This one is a pound and a half. Caught on a Zoom shaky head worm. Short is clearly happy to have a limit. He is fishing on top of an old road bed.
Fletcher Shryock worked on a limit in a hurry.
After Ike went on his way, we noticed Roumbanis had moved to the bank.
"I was hoping Ike would buzz through this," he said. "I've caught all my fish here."
Where Ike was moving and stroking, Roumbanis is much slower and methodical.
After a few minutes he hooks up with his second keeper, a spotted bass a little more than a pound.
He's had a couple more bites, but most are short striking. But you can almost read his body language and tell he thinks he's getting ready to get a bite.
Meanwhile the rain isn't letting up, making typing and shooting photos a chore.
That photo is Kevin Short holding a catfish. "Right weight, wrong species."
I used the opportunity to ask him why pink is his signature color. I kinda assumed it had something to do with breast cancer. But no, he wanted a signature color that no one else had.
"I was working for Farm Bureau at the time and they had a pink shirt with a logo on it, and whenever I wore it I got positive comments. Mostly from women. My wife, Kerry, and I talked about it. She thought pink was a good direction to go in and I trusted her. I knew it was the right decision when Skeet saw it for the first time time — he just looked at me and said, NICE!"
James Overstreet and I followed Mark Davis up Wehadkee Creek under the Highway 109 bridge before the latest cloudburst. Then it started raining so hard we couldn't see.
Obviously, it made for difficult driving conditions as well. As we motored back, police cars and an ambulance were surrounding a one-vehicle accident on the bridge. The single passenger emerged with a head bandage but appeared to be in relatively good condition.
Brian Snowden is fishing down the bank toward the bridge. "Fishing a wreck" doesn't mean the same thing here as it does in saltwater, but we did see Snowden catch a short fish.

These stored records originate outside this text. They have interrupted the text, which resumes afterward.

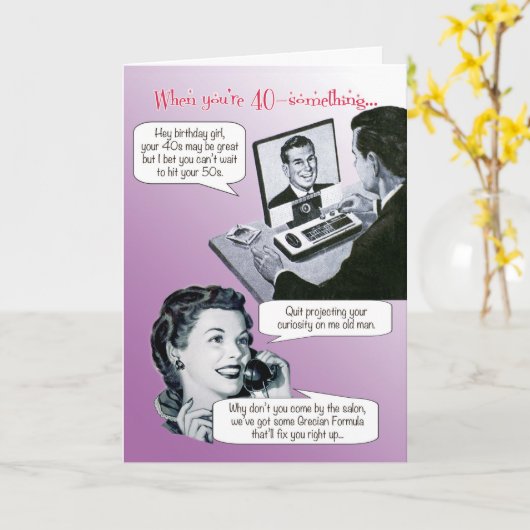 Quit Projecting Your Curiosity Birthday Kaart (Gele Bloem)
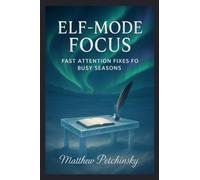 Elf-Mode Focus: Fast Attention Fixes for Busy Seasons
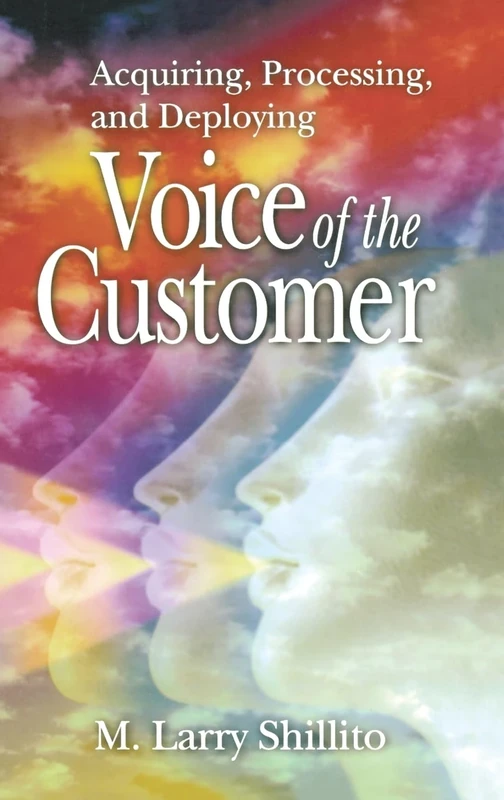 Acquiring, Processing, and Deploying: Voice of the Customer - Image 1
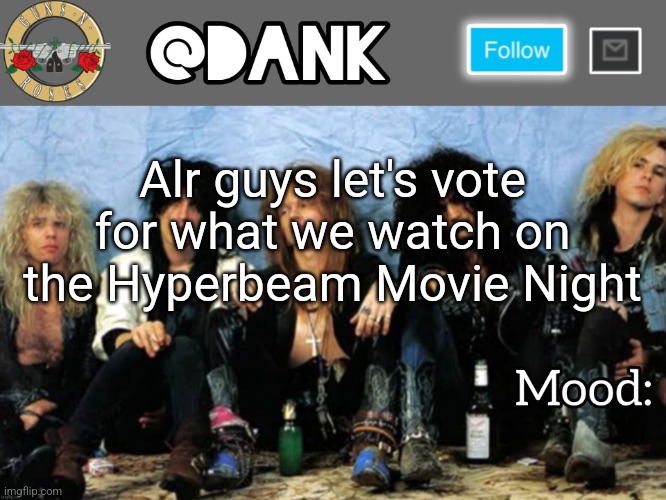 Commentsss | Alr guys let's vote for what we watch on the Hyperbeam Movie Night | image tagged in danks guns n roses temp thanks loserism | made w/ Imgflip meme maker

We didn't see Davis catch anything when we were on him. We got out of cell service there, too. We're off to chase down some other Elites in the rain.
Kevin Short with keeper No. 4. This one is a little bigger at 1 pound, 10 ounces. He caught this one on a little Zoom shaky head.
Reese is locked on a bed in the back of a short pocket. He pulls up before we get near him and moves out.
Although Reese is fishing in a small area, he's staying on the move. He's giving us a seminar on how to run and gun in a 100-acre creek.
Reese catches a small one on a jerkbait, his first keeper of the day.
The sky has opened up with a serious downpour. My smart phone is beginning to go into a funk. Reese sets up on another bed. I doubt he can see the bass in the pouring rain. He must know where the beds are from the previous two days on the water. Reese catches another keeper as we take refuge under a boat slip. Hope the owner doesn't mind.
We move over to Iaconelli. He has one keeper.
It's pouring down rain, but he's not giving up.
He's moving and casting down the bank like it was a sunny day.
He's moving in classic Ike style. And the next thing you know he's off.
We've caught up with Brian Snowden. He's working the shoreline with a topwater. We get near and he switches to a sinking-style bait.
"I just had a 3-pounder get all over it," he said. "I'm hoping he'll come back."
Snowden doesn't have a keeper. He says he's never been so confused by a fishery.
A few seconds later fish begin breaking next to his boat. He fires his topwater that way and hooks up with a white bass.
It is pouring rain now. And Short has reeled in keeper No. 3. Small, but in these conditions, just getting fish in the livewell is a win.